** Exercise input follows **

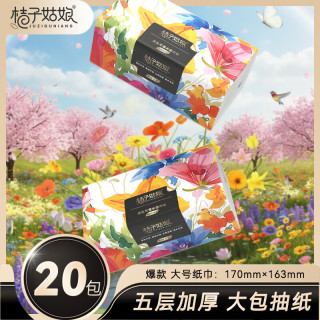 桔子姑娘 抽纸 5层 400张*20包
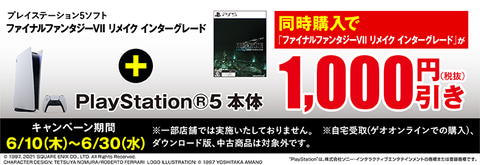 ゲオ ゲオアプリにて応募受付中のps5抽選締切は本日17時59分まで Game Watch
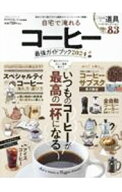 【中古】自宅で淹れるコーヒー最強ガイドブック 2024/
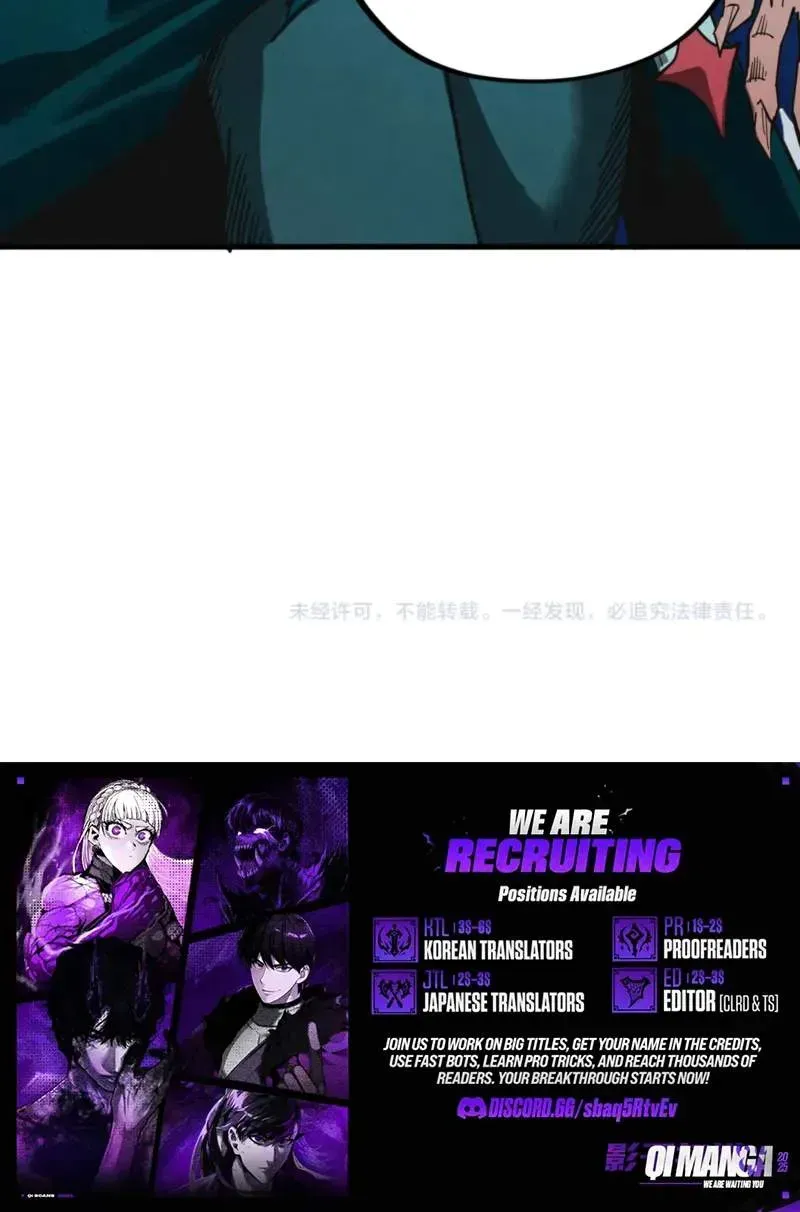 Read The Eternal Supreme - Chapter 556 - theeternalsupreme.com | Image 64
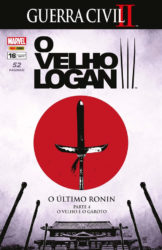 O VELHO LOGAN 16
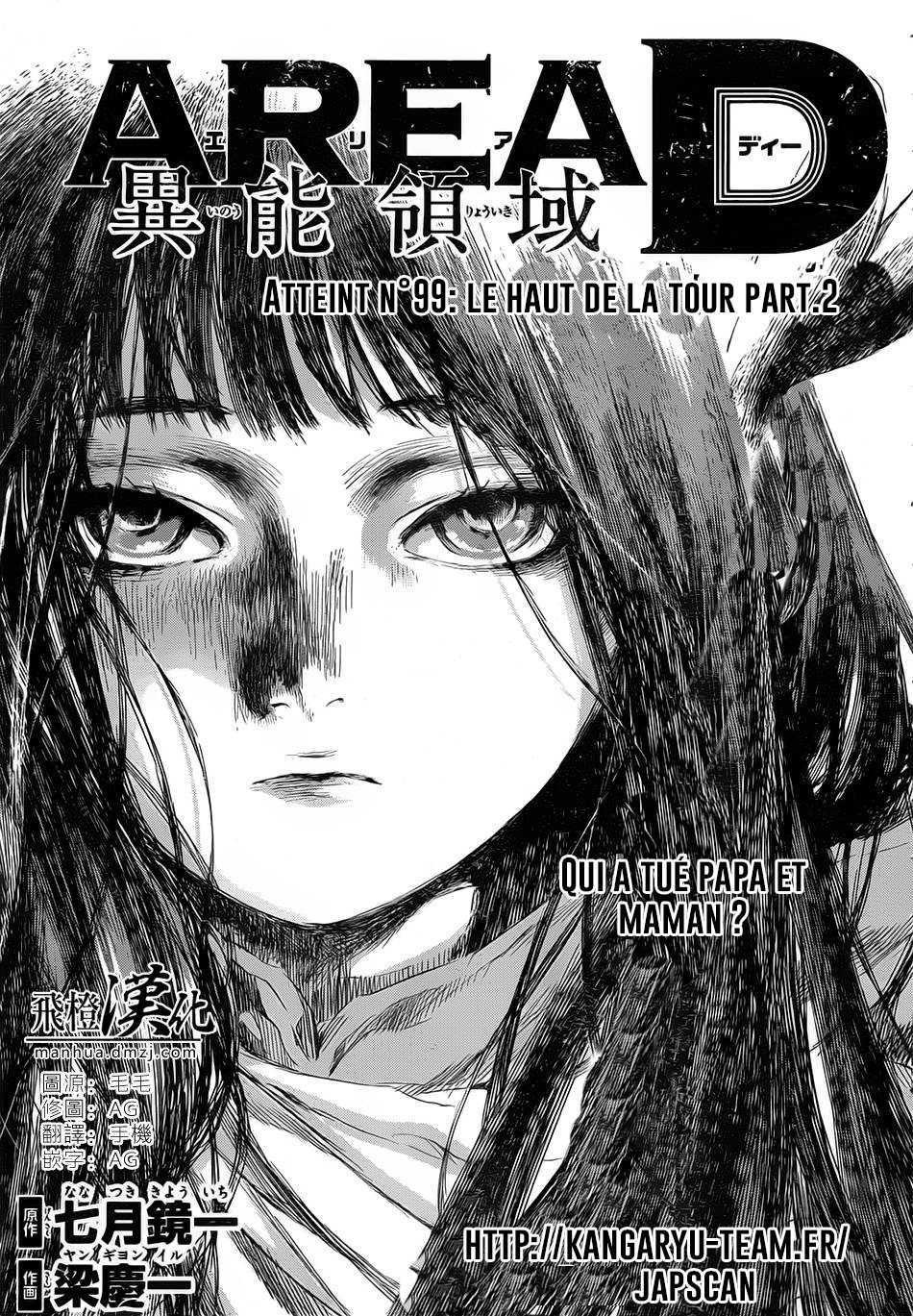 Read Area D FR Manga Online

** End of Exercise input **

[Action item]
Would you set down the material exactly as it stands, without the pictures?

[Exercise solution]
 桔子姑娘 抽纸 5层 400张*20包
 ゲオ ゲオアプリにて応募受付中のps5抽選締切は本日17時59分まで Game Watch
 【中古】自宅で淹れるコーヒー最強ガイドブック 2024/
 Read The Eternal Supreme - Chapter 556 - theeternalsupreme.com | Image 64
 O VELHO LOGAN 16
 Read Area D FR Manga Online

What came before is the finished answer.